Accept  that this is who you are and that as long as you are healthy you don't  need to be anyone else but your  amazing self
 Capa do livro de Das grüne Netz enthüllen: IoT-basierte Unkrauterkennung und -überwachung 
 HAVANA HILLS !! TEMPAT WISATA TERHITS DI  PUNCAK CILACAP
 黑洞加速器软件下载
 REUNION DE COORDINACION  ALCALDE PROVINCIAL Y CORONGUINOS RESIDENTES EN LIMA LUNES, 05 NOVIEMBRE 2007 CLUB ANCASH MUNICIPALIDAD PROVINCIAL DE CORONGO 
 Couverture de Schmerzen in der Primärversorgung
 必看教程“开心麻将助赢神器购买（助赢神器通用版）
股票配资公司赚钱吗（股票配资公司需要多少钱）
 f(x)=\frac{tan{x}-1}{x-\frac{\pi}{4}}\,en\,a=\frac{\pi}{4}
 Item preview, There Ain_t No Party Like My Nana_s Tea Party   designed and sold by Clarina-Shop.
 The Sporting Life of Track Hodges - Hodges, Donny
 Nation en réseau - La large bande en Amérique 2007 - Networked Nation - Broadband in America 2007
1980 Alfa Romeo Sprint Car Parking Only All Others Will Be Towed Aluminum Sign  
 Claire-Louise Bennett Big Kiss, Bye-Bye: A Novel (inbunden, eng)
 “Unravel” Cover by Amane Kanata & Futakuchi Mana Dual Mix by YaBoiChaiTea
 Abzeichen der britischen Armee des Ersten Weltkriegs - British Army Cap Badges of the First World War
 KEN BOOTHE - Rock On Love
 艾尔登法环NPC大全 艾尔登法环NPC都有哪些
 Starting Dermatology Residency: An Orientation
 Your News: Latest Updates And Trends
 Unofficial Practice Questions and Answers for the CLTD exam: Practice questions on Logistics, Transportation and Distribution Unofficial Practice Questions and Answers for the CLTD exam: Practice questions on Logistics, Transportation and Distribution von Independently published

### [Activity]
The required output is every line from the one that holds "Claire-Louise Bennett Big" through the last line of the listing above, retyped exactly and with nothing else.

### [Exercise result]
 Claire-Louise Bennett Big Kiss, Bye-Bye: A Novel (inbunden, eng)
 “Unravel” Cover by Amane Kanata & Futakuchi Mana Dual Mix by YaBoiChaiTea
 Abzeichen der britischen Armee des Ersten Weltkriegs - British Army Cap Badges of the First World War
 KEN BOOTHE - Rock On Love
 艾尔登法环NPC大全 艾尔登法环NPC都有哪些
 Starting Dermatology Residency: An Orientation
 Your News: Latest Updates And Trends
 Unofficial Practice Questions and Answers for the CLTD exam: Practice questions on Logistics, Transportation and Distribution Unofficial Practice Questions and Answers for the CLTD exam: Practice questions on Logistics, Transportation and Distribution von Independently published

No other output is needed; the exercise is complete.